*Exercise requirements*
The material below holds pictures, which are to be left out; copy exactly the lines from the one with "Rectangular textured rubber" through the one with "Snap Supplements, Pre".

*Supplied records*
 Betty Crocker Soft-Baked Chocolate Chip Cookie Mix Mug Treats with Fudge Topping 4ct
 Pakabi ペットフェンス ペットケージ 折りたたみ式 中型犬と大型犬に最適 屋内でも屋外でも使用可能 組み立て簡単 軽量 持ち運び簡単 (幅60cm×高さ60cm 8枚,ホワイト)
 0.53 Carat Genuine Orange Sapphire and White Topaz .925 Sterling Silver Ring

...

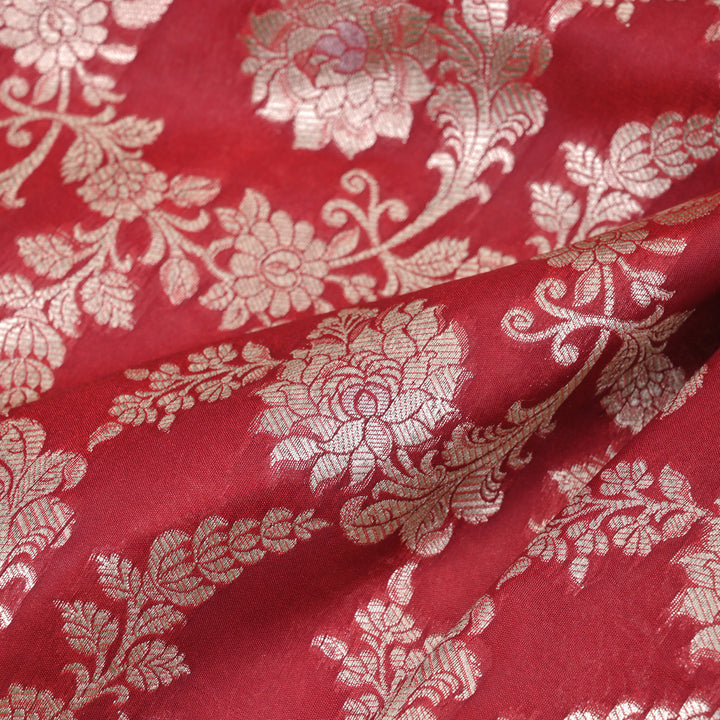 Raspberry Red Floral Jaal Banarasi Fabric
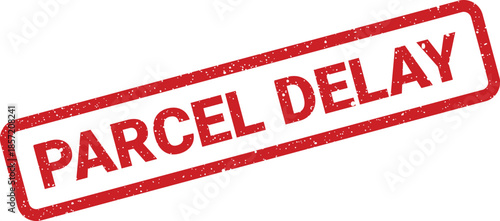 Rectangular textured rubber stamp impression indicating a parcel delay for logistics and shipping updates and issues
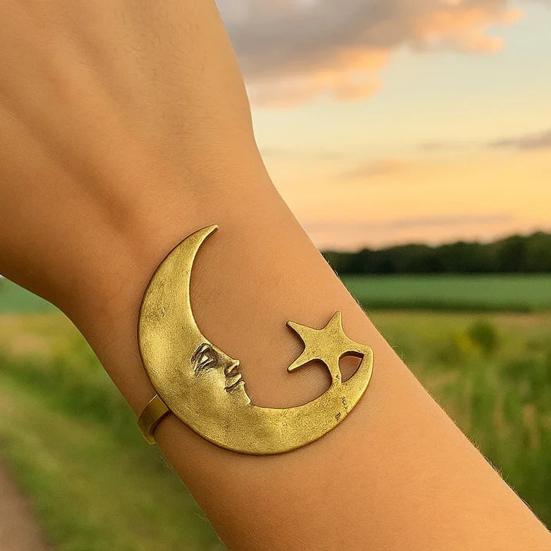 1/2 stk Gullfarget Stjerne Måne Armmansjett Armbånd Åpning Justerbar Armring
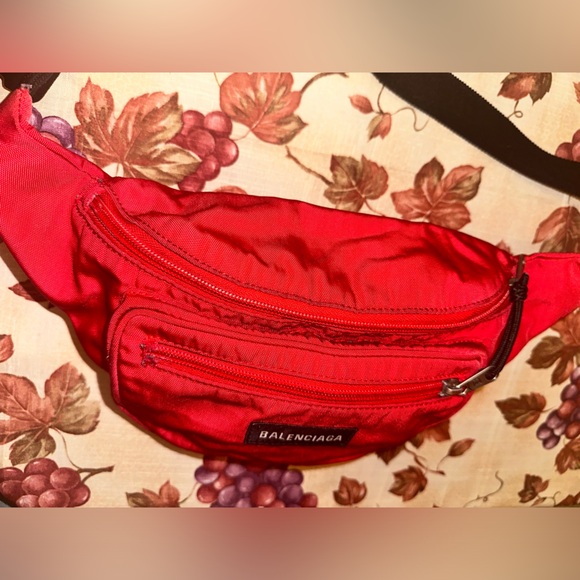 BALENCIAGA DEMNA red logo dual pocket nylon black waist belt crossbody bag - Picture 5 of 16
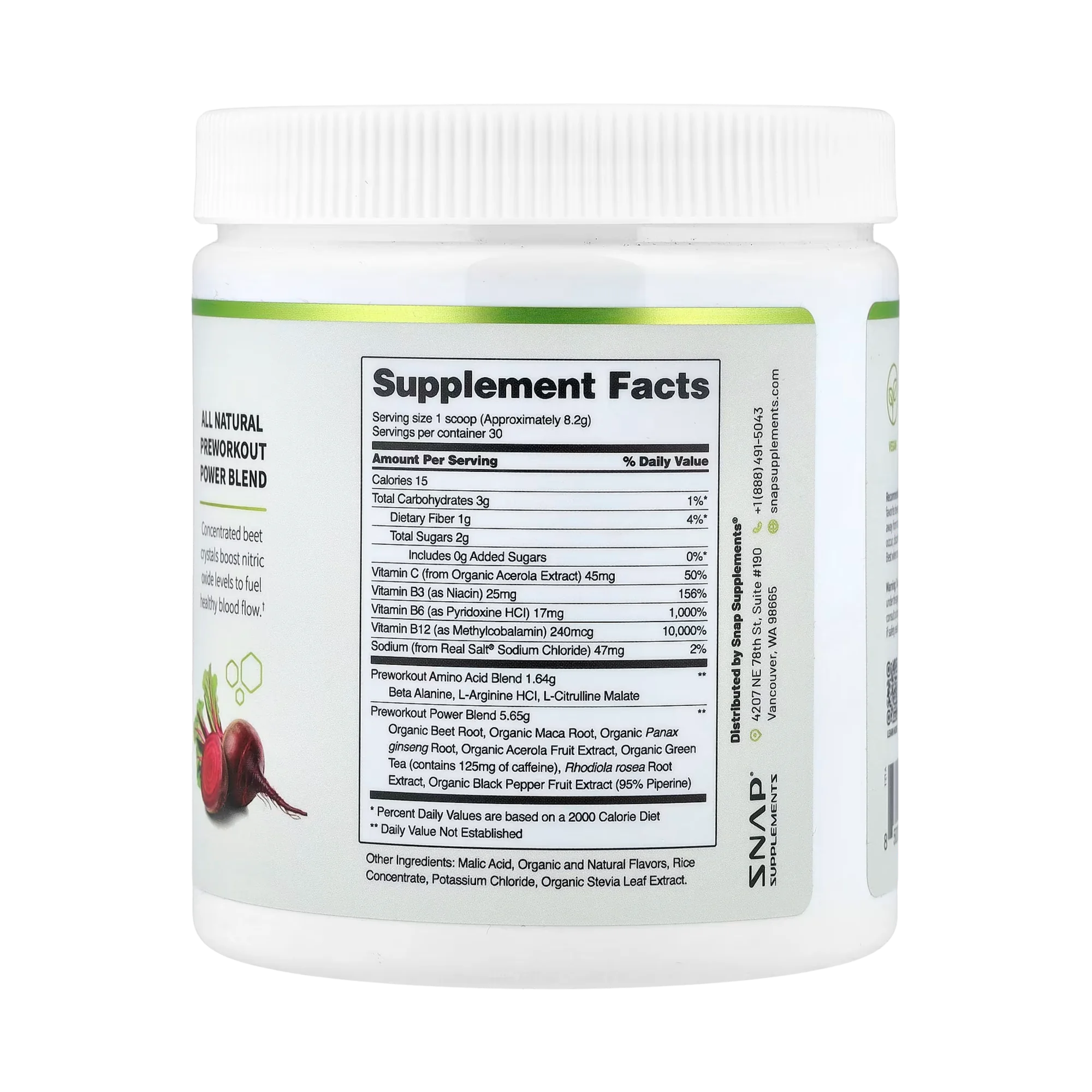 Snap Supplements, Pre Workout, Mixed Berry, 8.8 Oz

...

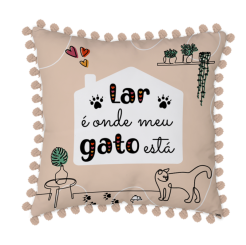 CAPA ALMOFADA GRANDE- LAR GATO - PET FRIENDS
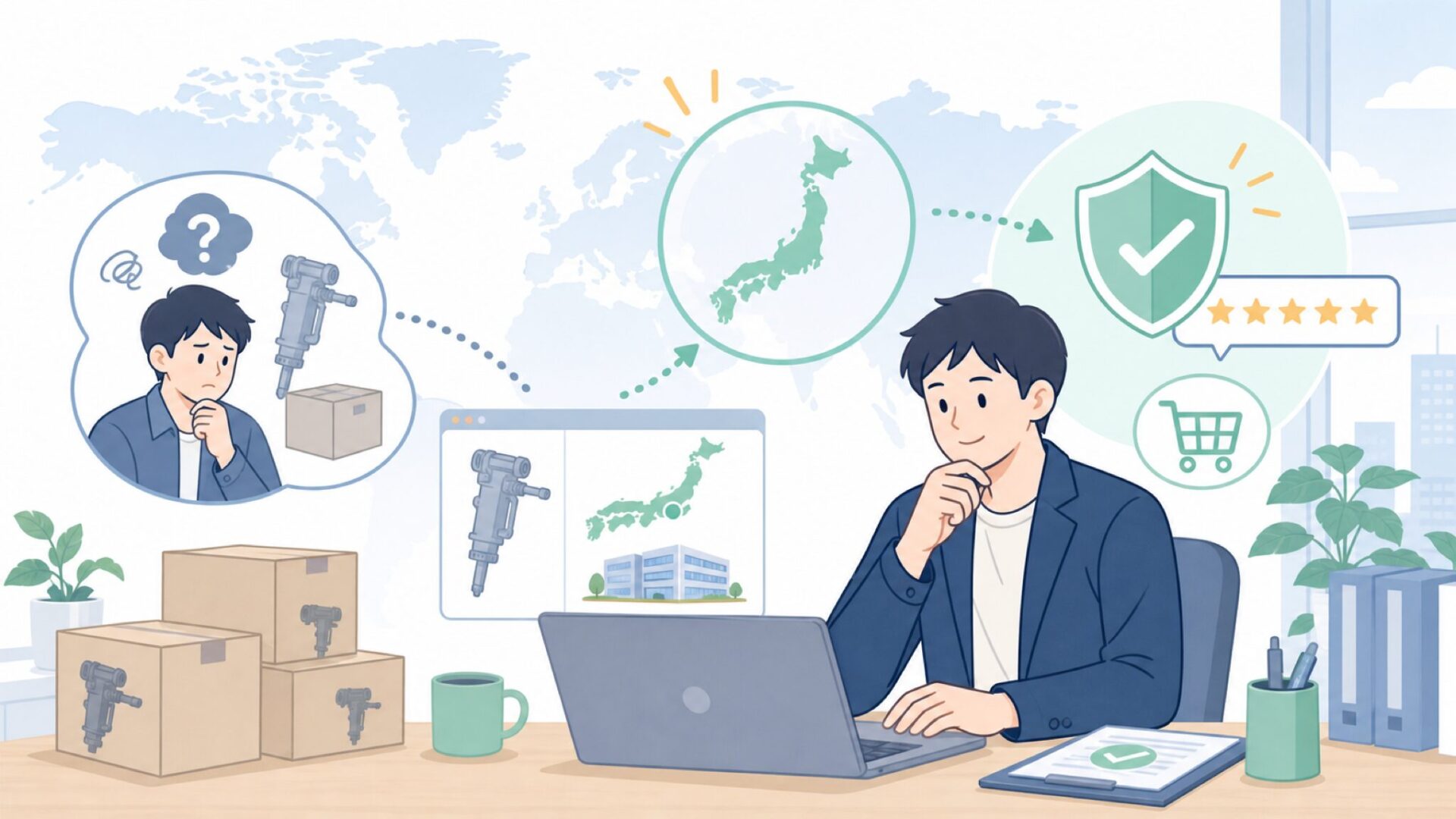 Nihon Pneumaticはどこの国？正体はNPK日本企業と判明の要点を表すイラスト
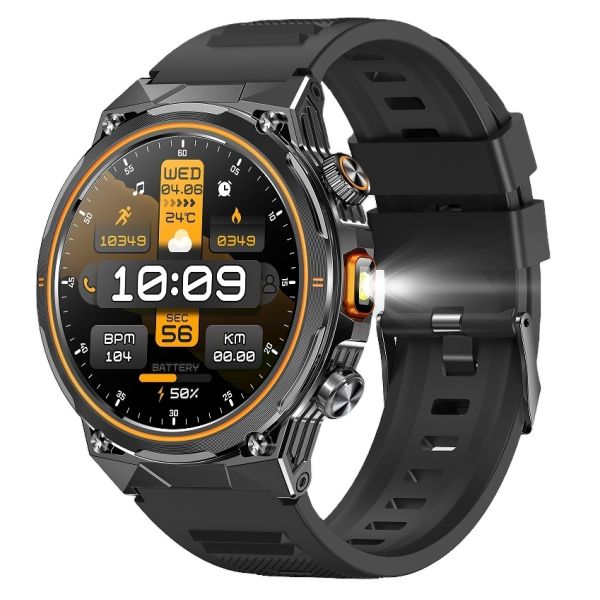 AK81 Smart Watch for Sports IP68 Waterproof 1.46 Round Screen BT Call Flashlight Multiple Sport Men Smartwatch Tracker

*Exercise output*
 Rectangular textured rubber stamp impression indicating a parcel delay for logistics and shipping updates and issues
 1/2 stk Gullfarget Stjerne Måne Armmansjett Armbånd Åpning Justerbar Armring
 BALENCIAGA DEMNA red logo dual pocket nylon black waist belt crossbody bag - Picture 5 of 16
 Snap Supplements, Pre Workout, Mixed Berry, 8.8 Oz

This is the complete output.